Besonderes Pang a-Fest der La Ha

(VOVWORLD) - Die La Ha ist eine der ethnischen Minderheiten am Da-Fluss der Provinzen Son La und Lai Chau. Die Gesellschaft entwickelt sich und es hat sich viel geändert, aber die La Ha behalten noch ihre traditionelle Sitten und Bräuche bei, darunter das Pang a-Fest. Bei dem Fest betet man um das Glück. 
Besonderes Pang a-Fest der La Ha - ảnh 1

Ein Schamane führt das Gebetzeremonie. (Foto: sacmaudantoc.vn)

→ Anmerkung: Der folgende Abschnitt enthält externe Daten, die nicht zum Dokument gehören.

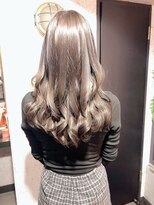 赤みがなくなるプラチナアイスグレージュ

Wenn der Frühling kommt, veranstalten die La Ha im Dorf Na Tay in Muong La der Provinz Son La das Pang a-Fest, um für eine gute Ernte, Gesundheit und Glück zu beten. Damit zeigen sie auch ihre Dankbarkeit gegenüber Heiligen und Medizinmännern, welche die Dorfbewohner schützen. Der Organisator des Festes ist ein bekannter Schamane in der Region. Nach Auffassung der La Ha ist der Schamane der Vermittler zwischen Heiligen und Menschen. Zum Fest werden Vertreter der Behörden und alle Bewohner in der Region eingeladen. Dazu Schamane Lo Van Phang im Dorf Na Tay in Muong La:

„Das Pang a-Fest gibt es schon lange, aber es wird nicht jährlich veranstaltet. Nur in den Jahren, in denen die La Ha eine gute Ernte erzielen, veranstalten sie das Fest. Mit dem Fest beten wir um Glück und Gesundheit für die Dorfbewohner. Das Fest ist auch ein Anlass für die Bewohner, sich zu treffen und sich an fröhlichen Spielen zu beteiligen.“

Für das Pang a-Fest wird der Organisator zwei Schweine schlachten. Adoptivkinder des Schamanen kommen zum Fest und bringen Hühner, Enten, Klebreis, Schnaps und Obst mit. Damit möchten sie ihre Dankbarkeit gegenüber den Heiligen zeigen, die ihnen in den vergangenen Jahren Glück gebracht haben. Die Zeremonien werden im Zentralzimmer des Hauses des Schamanen abgehalten. Dorfbewohner dekorieren das Zimmer mit Bananenbaum und Zuckerrohr und hängen Blumen und Tiere aus Bambus darauf. Nach der Vorbereitung beginnt der Schamane ein Gebet, um die Vorfahren und Heiligen einzuladen, die Dankbarkeit der Dorfbewohner zu sehen. Der Schamane betet auch für ein  friedliches Leben und eine ertragreiche Ernte für die Bewohner.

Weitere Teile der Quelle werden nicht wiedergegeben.